98. Two power, one man

 The audio recording is available at https://youtu.be/ITjsLwf5K30. 

If we focus only on examining the power apparatus of the past two thousand years, we find at least two distinct, yet similar, systems of religious power. One is the religion of punishment and salvation, while the other is the religion of materialistic and financial power. What is common to both power structures and systems is their linear, individualistic, and materialistic view of the old scripture. Furthermore, it was not told to people that the visible, tangible power and the invisible, behind-the-scenes power are not maintained by the institutions of the apparatus, but by the ignorant, misguided masses. 

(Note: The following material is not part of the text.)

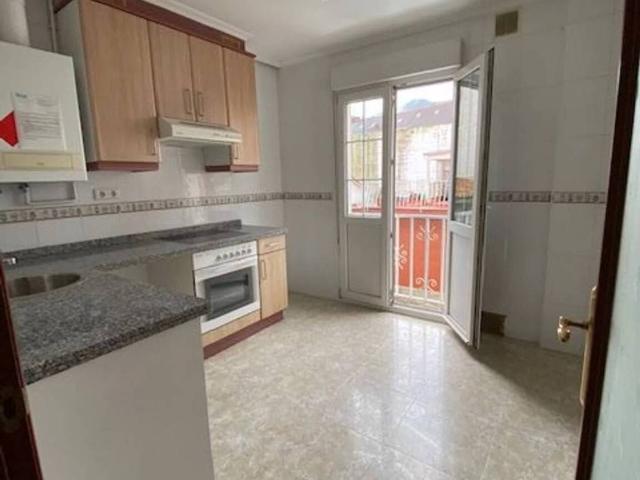 Piso en alquiler en Salas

Power has always treated the people, the masses, as controllable slaves; because this is the only way it could keep them in dependency. It is not the individual who depends on the power, but the power that depends on the individual. In the first power system, the so-called Christian slaves had the Lord taken away from them; in the second power system, the modern era, material slaves exist, and they have been made to believe that the Lord is nothing more than history, an old tale, and that in the modern age of computers and mobile phones, there is no need for the Lord because the essence is in materialism, profit, progress, and development. This is the new religion. The dominance of the old religion lasted for approximately 1500 years, while the new religion has been gaining strength ever since. 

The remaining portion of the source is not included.